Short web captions
---+---

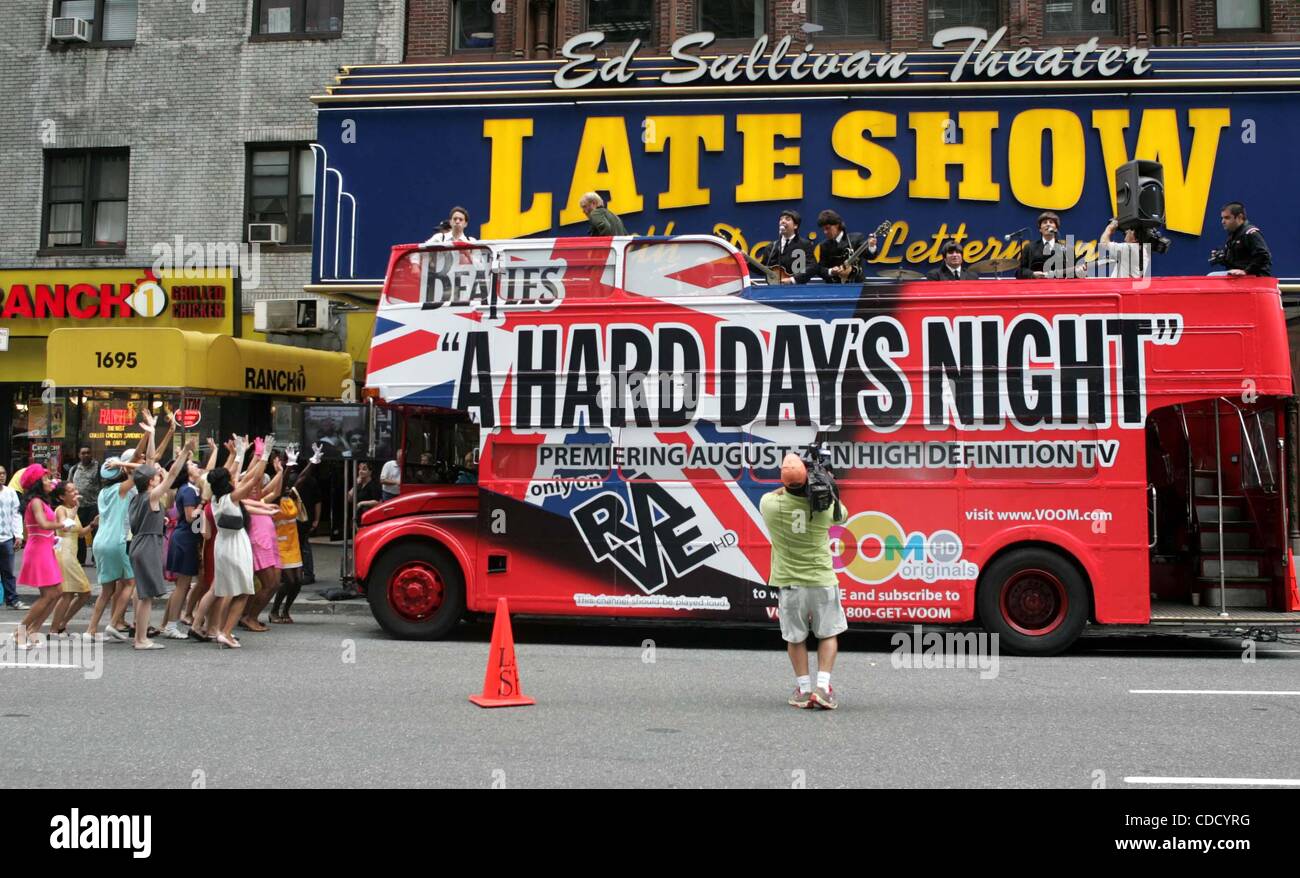 Il 1 gennaio, 2011 - New York New York, Stati Uniti - K38675RM.BEATLES LOOKALIKES ricreare i Fab Four Ed Sullivan Show aspetto per celebrare il 40esimo anniversario di una dura giornata di notte ed esclusiva PREMIERE HD SU RAVE HD Ed Sullivan Theater, New York New York 08/05/2004. / 2004..DOUBLE DECKER BUS(Cr Foto Stock
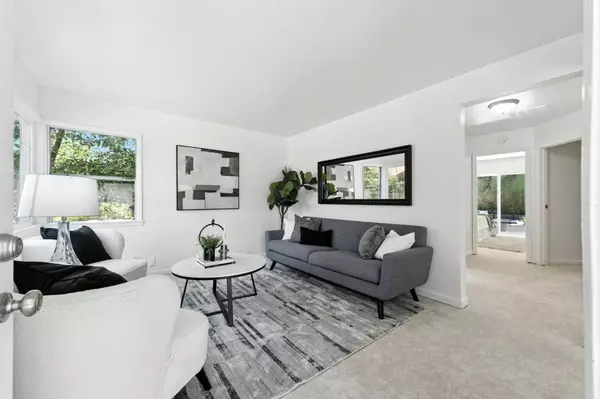 6 Clinton Court, Redwood City, CA 94061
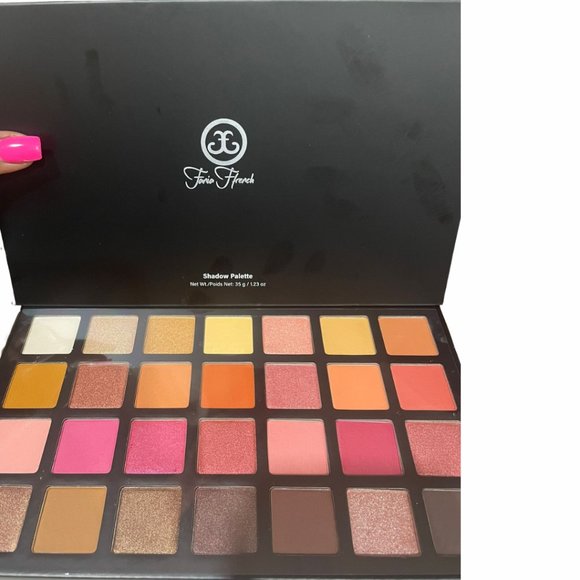 Fania Ffrench - Shadow Palette - Aurora - Picture 2 of 8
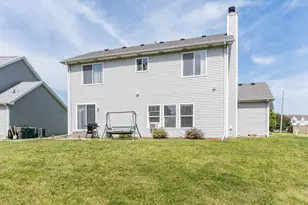 604 Silver Creek Dr, Joliet, IL 60431 - Photo 26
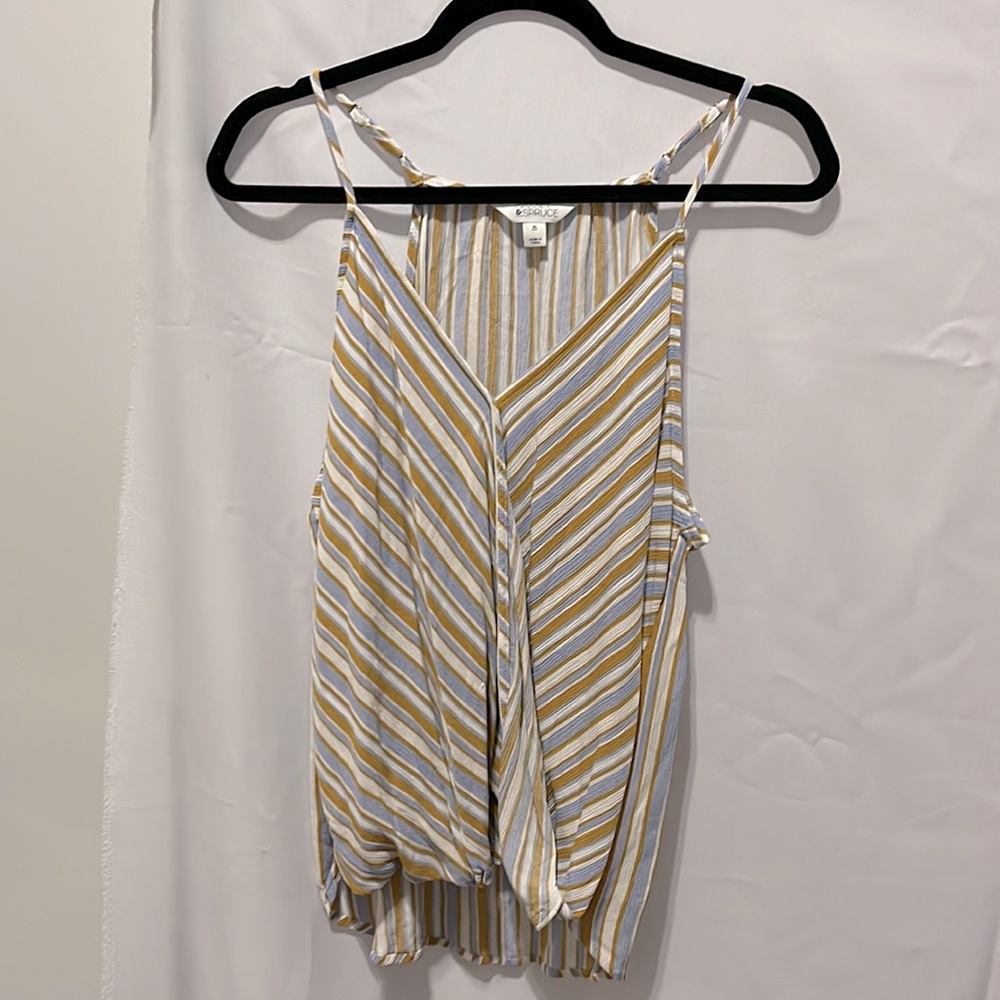 Sleeveless shirt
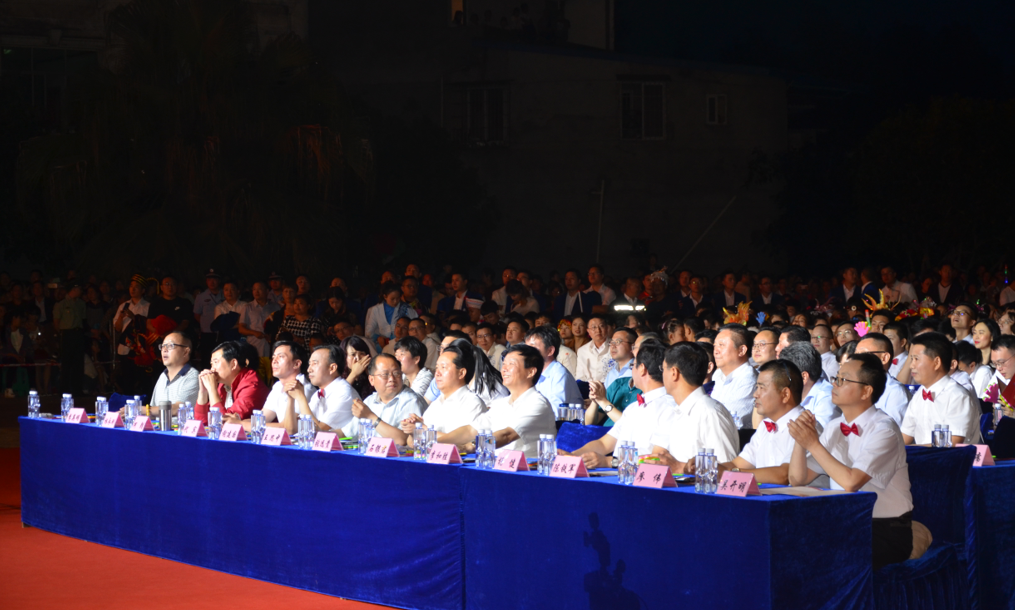 集團(tuán)舉行成立二十周年文藝匯演(圖5)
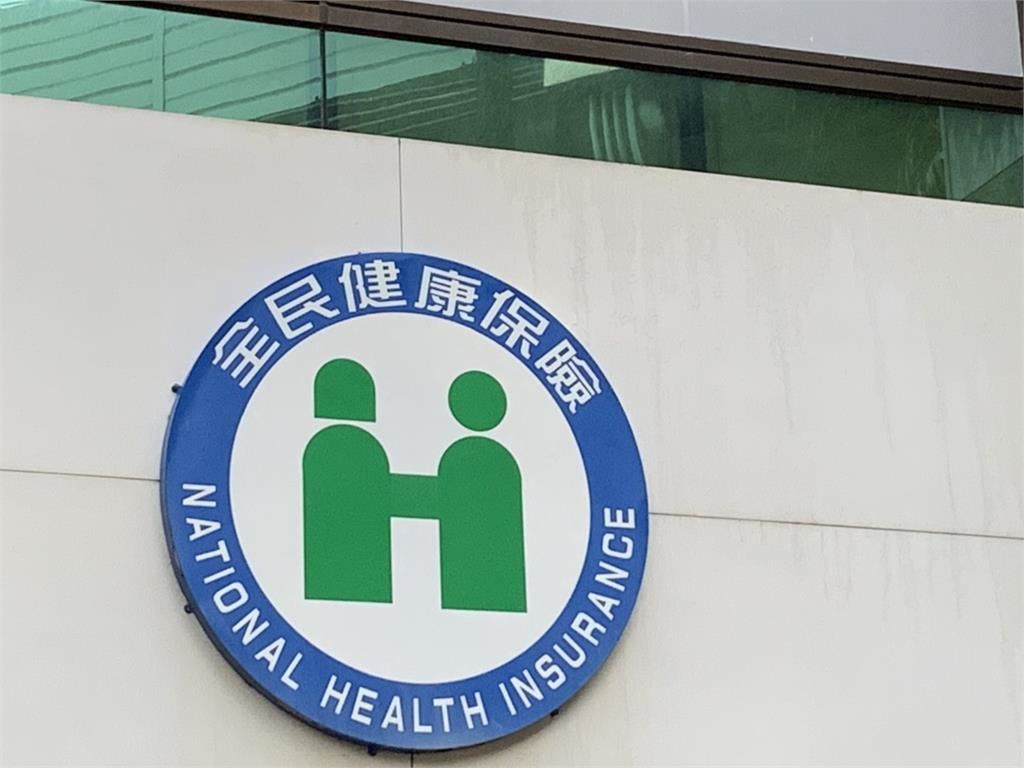 快新聞／藍白三讀長者健保補助！卓榮泰轟「貿然修法」：恐增加青壯年負擔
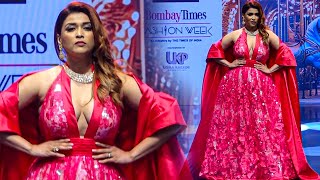 Mannara Chopra Sizzles Like A Boss Lady In Her Promising Pink Avatar At The Lakme Fashion Week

---+---

The copy should match the records above exactly, except that pictures are dropped.

**YOUR RESPONSE**.
 Il 1 gennaio, 2011 - New York New York, Stati Uniti - K38675RM.BEATLES LOOKALIKES ricreare i Fab Four Ed Sullivan Show aspetto per celebrare il 40esimo anniversario di una dura giornata di notte ed esclusiva PREMIERE HD SU RAVE HD Ed Sullivan Theater, New York New York 08/05/2004. / 2004..DOUBLE DECKER BUS(Cr Foto Stock
 6 Clinton Court, Redwood City, CA 94061
 Fania Ffrench - Shadow Palette - Aurora - Picture 2 of 8
 604 Silver Creek Dr, Joliet, IL 60431 - Photo 26
 Sleeveless shirt
 集團(tuán)舉行成立二十周年文藝匯演(圖5)
 快新聞／藍白三讀長者健保補助！卓榮泰轟「貿然修法」：恐增加青壯年負擔
 Mannara Chopra Sizzles Like A Boss Lady In Her Promising Pink Avatar At The Lakme Fashion Week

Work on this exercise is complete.